In the non-display area NA, the plurality of link lines LL may be disposed. The plurality of link lines LL may be lines that transmit various signals supplied from one or more flexible circuit boards (or flexible films) CB and the printed circuit board 160 to the display area AA. The plurality of link lines LL may extend from the plurality of pad electrodes PE in the second non-display area NA2 toward the bending area BA and the first non-display area NA1 and may be electrically connected to a plurality of driving lines VL in the display area AA. The plurality of pixel driving circuits PD may be driven by receiving signals from one or more flexible circuit boards (or flexible films) CB and the printed circuit board 160 through the driving lines VL in the display area AA and the link lines LL in the non-display area NA.

For example, the plurality of driving lines VL, along with the plurality of link lines LL, may serve as lines for transmitting signals output from the flexible circuit board (or flexible film) CB and the printed circuit board 160 to the plurality of pixel driving circuits PD. The plurality of driving lines VL may be disposed in the display area AA and electrically connected to the plurality of pixel driving circuits PD, respectively. The plurality of driving lines VL may extend from the display area AA toward the non-display area NA to be electrically connected to the plurality of link lines LL. Accordingly, the signals output from the flexible circuit board (or flexible film) CB and the printed circuit board 160 may be transmitted to each of the plurality of pixel driving circuits PD through the plurality of link lines LL and the plurality of driving lines VL.
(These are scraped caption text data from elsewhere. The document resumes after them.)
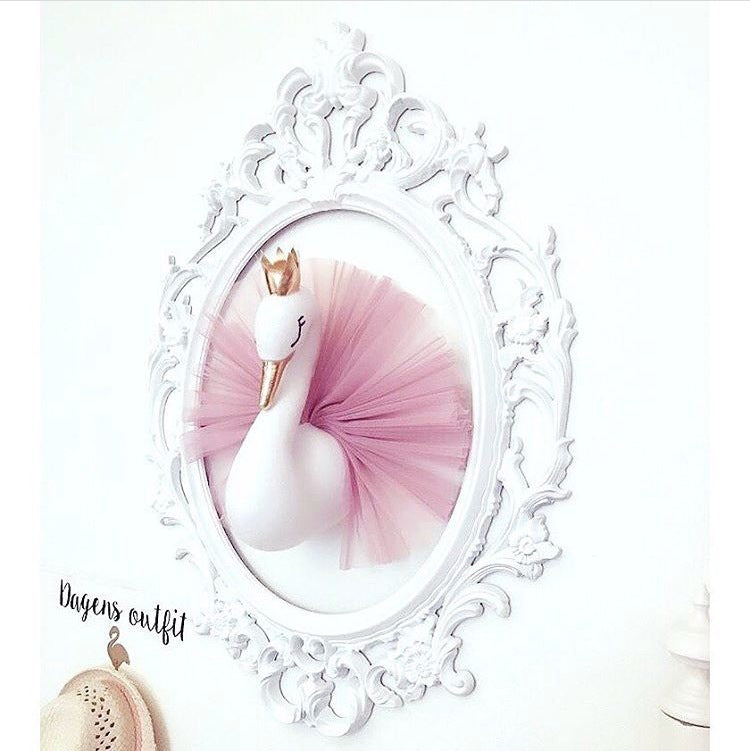 Crown swan animal head wall hanging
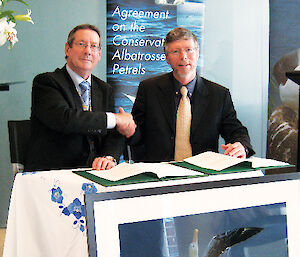 Dr Tony Press, Director of the AAD, and Warren Papworth, ACAP Executive Secretary, after signing the headquarters agreement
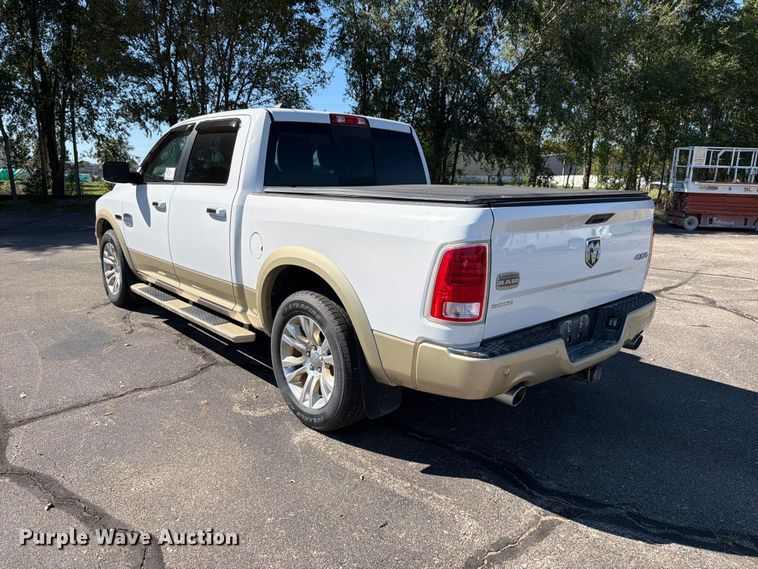 image for item DO5953 2016 RAM 1500 Crew Cab pickup truck
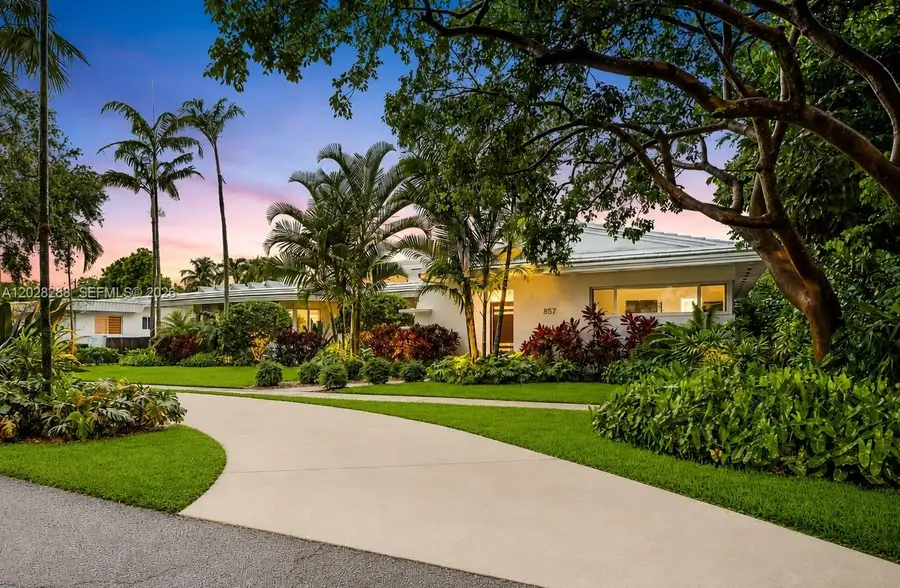 857 NE 98th St, Miami Shores, FL 33138 - #2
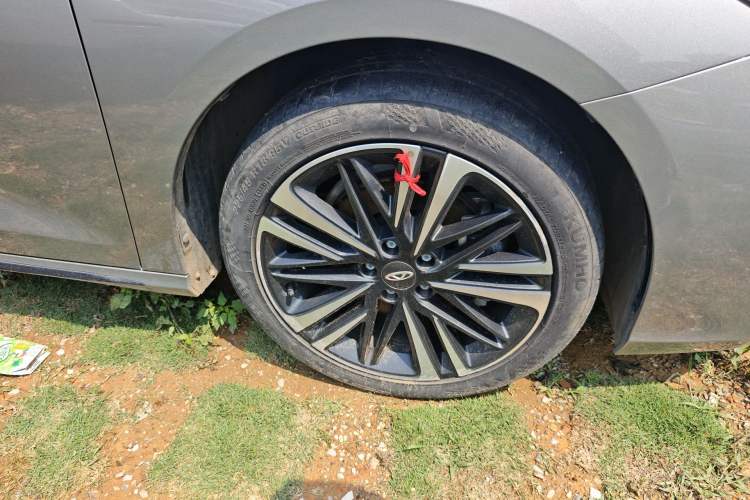 Used Chery Arrizo 8 2023 High-Performance Edition 2.0T DCT Powerfully Equipped Right Front Wheel Hub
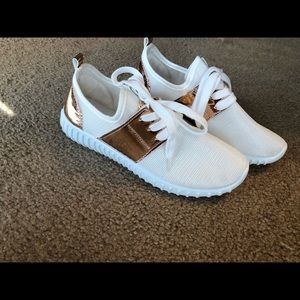 Brand new tennis shoes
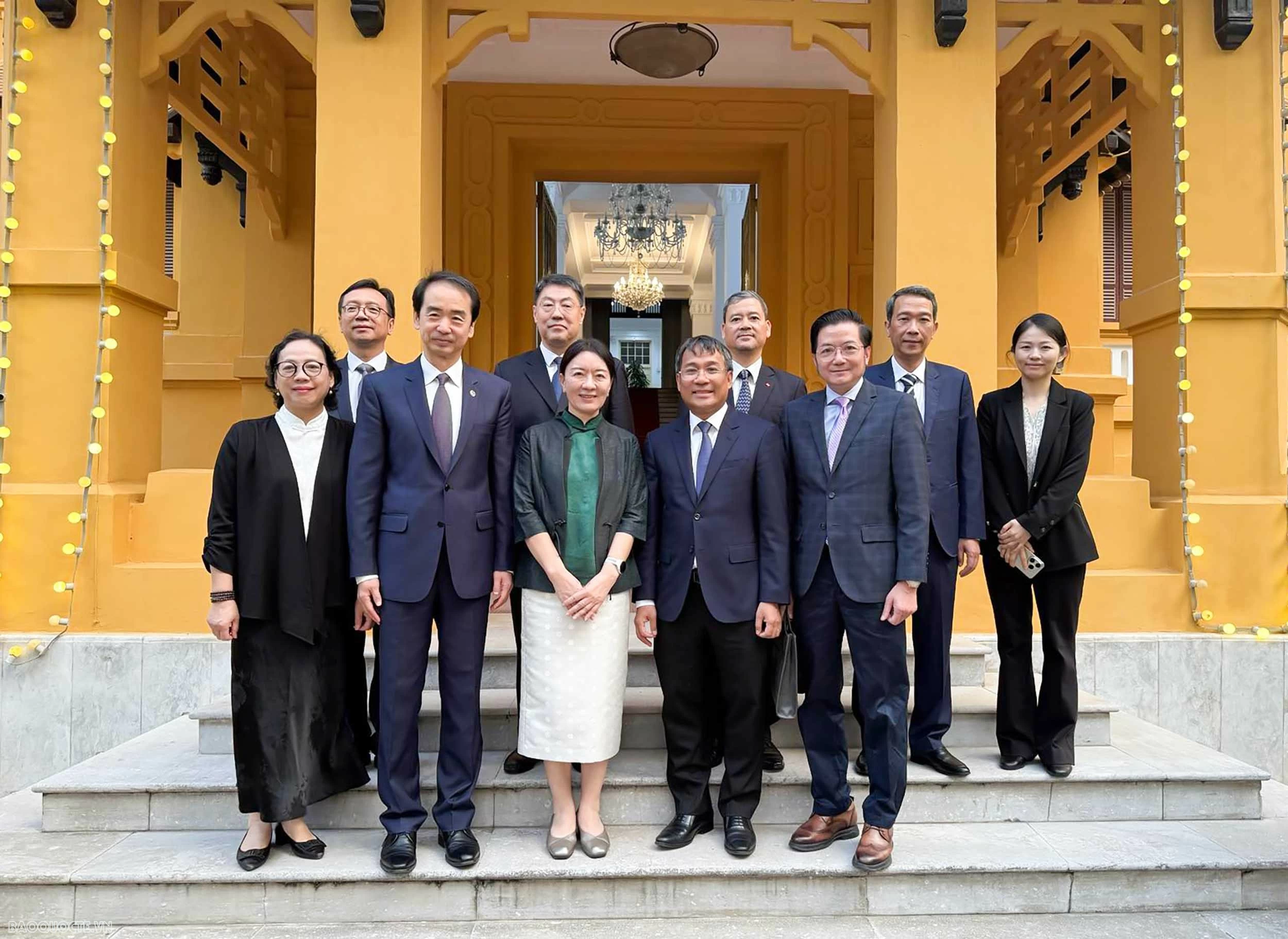 Permanent Deputy FM Nguyen Minh Vu meets with Vice Chairman of Guangxi Autonomous Region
As the bending area BA is bent, some of the plurality of link lines LL may also be bent. Stress may be concentrated on a portion of the bent link lines LL, and as a result, cracks may occur in the link lines LL. Accordingly, the plurality of link lines LL may be formed of a conductive material with excellent flexibility to reduce cracks during the bending of the bending area BA. For example, the plurality of link lines LL may be formed of a conductive material with excellent flexibility such as gold (Au), silver (Ag), or aluminum (Al), but the embodiments of the present disclosure are not limited thereto. In addition, the plurality of link lines LL may be formed of one of various conductive materials used in the display area AA. For example, the plurality of link lines LL may be formed of molybdenum (Mo), chromium (Cr), titanium (Ti), nickel (Ni), neodymium (Nd), copper (Cu), silver (Ag), magnesium (Mg), or alloys thereof, but the embodiments of the present disclosure are not limited thereto. The plurality of link lines LL may be configured in a multilayer structure including various conductive materials. For example, the plurality of link lines LL may be configured in a triple-layer structure of titanium (Ti)/aluminum (Al)/titanium (Ti), but the embodiments of the present disclosure are not limited thereto.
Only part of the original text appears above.